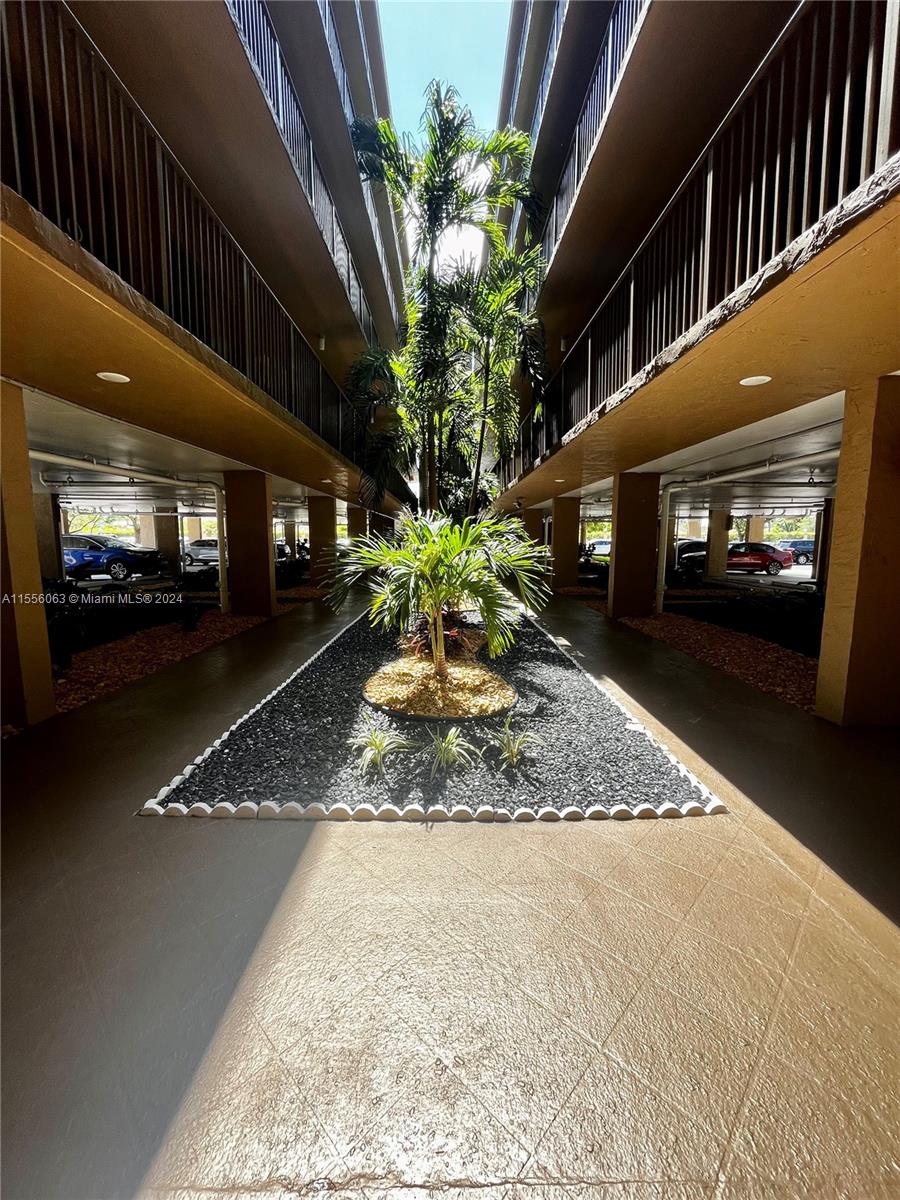 8020 Hampton Blvd 209, North Lauderdale, Florida 33068, 2 Bedrooms Bedrooms, ,2 BathroomsBathrooms,Residential,For Sale,8020 Hampton Blvd 209,A11556063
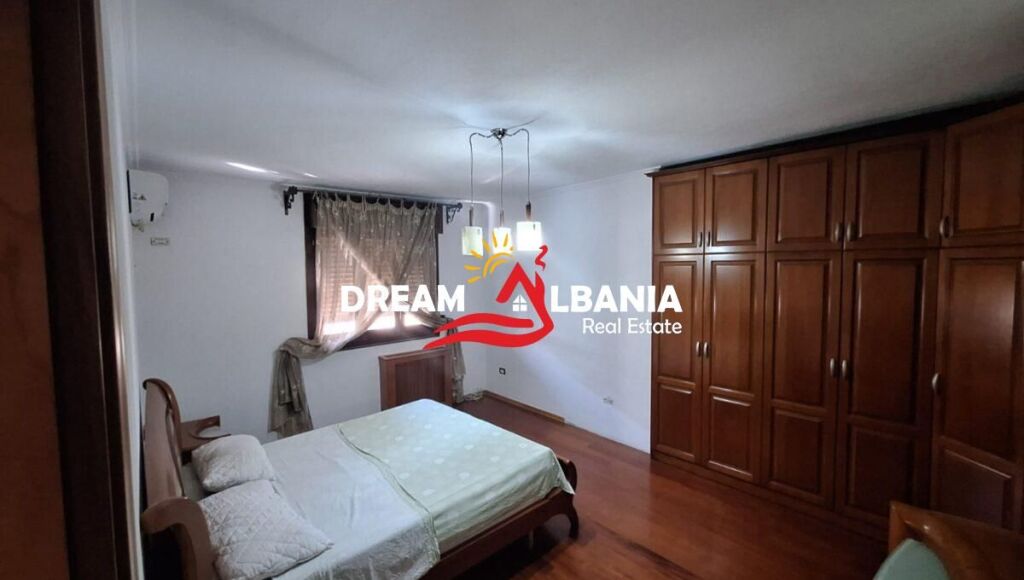 Jepet Apartament 3+1+2 me qera afer rrethrrotullimit te Komuna Parisit, Tirane (ID 4231500)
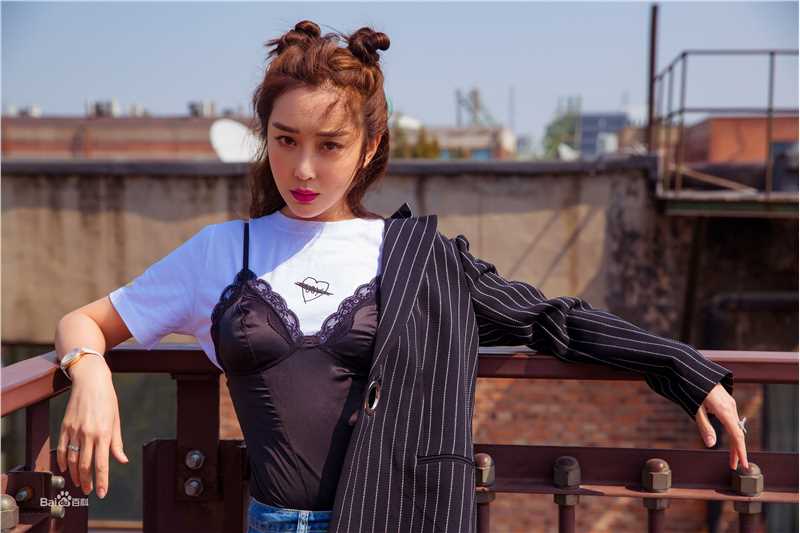 杜若溪(sunny)328LALABOBO秀壁纸壁纸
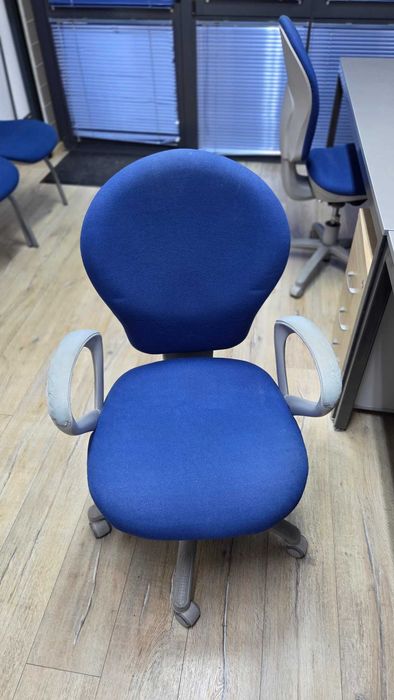 Офис Бюро, Работен стол, Посетителски стол и контейнер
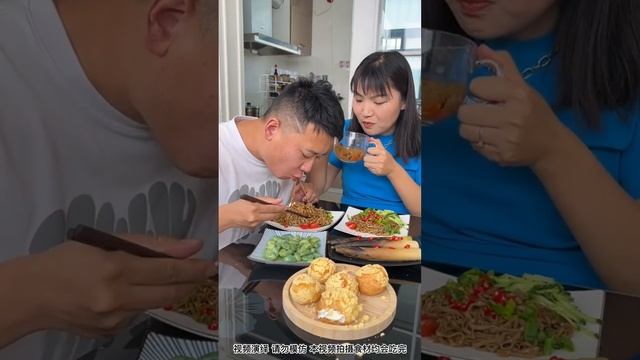 Funny Husband and Wife Eating Show: Epic Food Battle!  ??#Couple eating#Couple playing prank
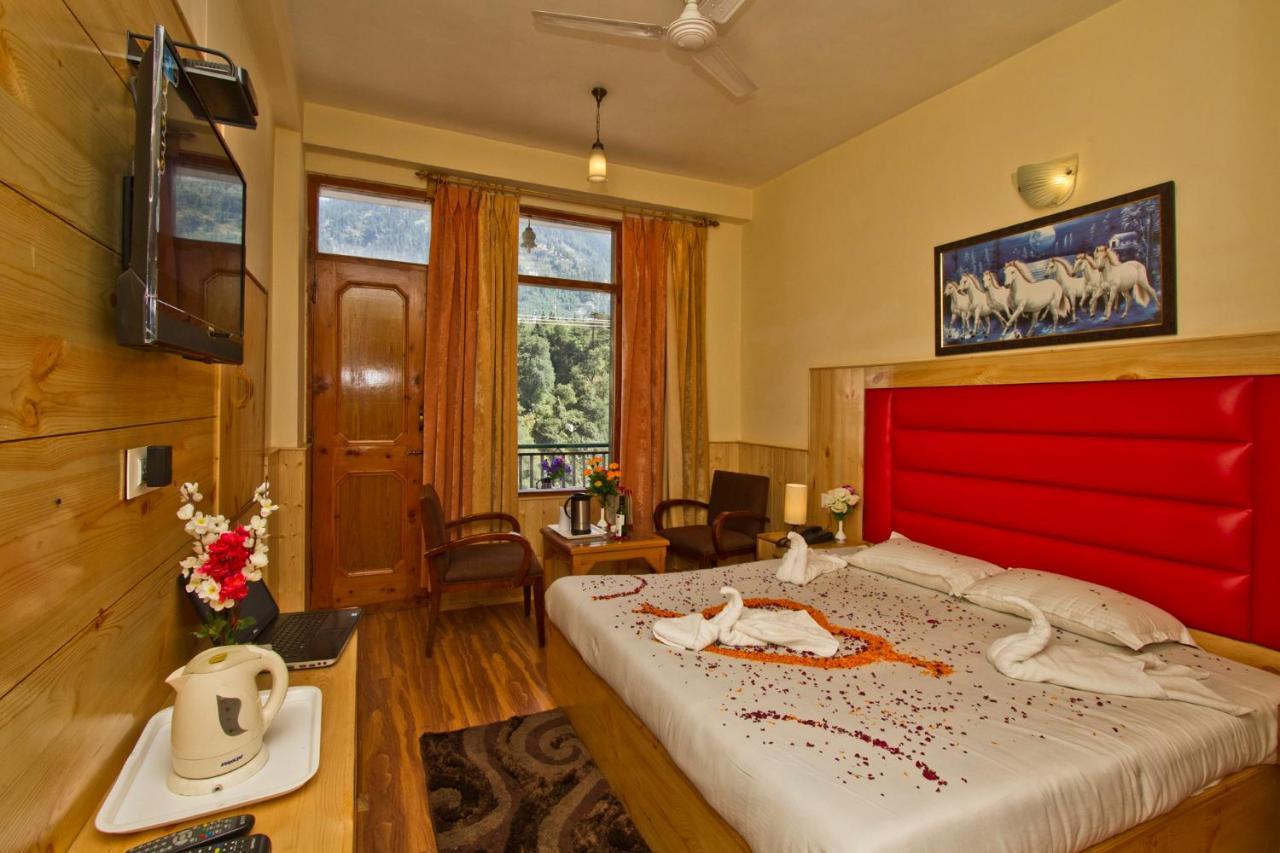 New Harmony Hotel 3*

——

Give the data again word for word, without pictures.

Task solution:
 8020 Hampton Blvd 209, North Lauderdale, Florida 33068, 2 Bedrooms Bedrooms, ,2 BathroomsBathrooms,Residential,For Sale,8020 Hampton Blvd 209,A11556063
 Jepet Apartament 3+1+2 me qera afer rrethrrotullimit te Komuna Parisit, Tirane (ID 4231500)
 杜若溪(sunny)328LALABOBO秀壁纸壁纸
 Офис Бюро, Работен стол, Посетителски стол и контейнер
 Funny Husband and Wife Eating Show: Epic Food Battle!  ??#Couple eating#Couple playing prank
 New Harmony Hotel 3*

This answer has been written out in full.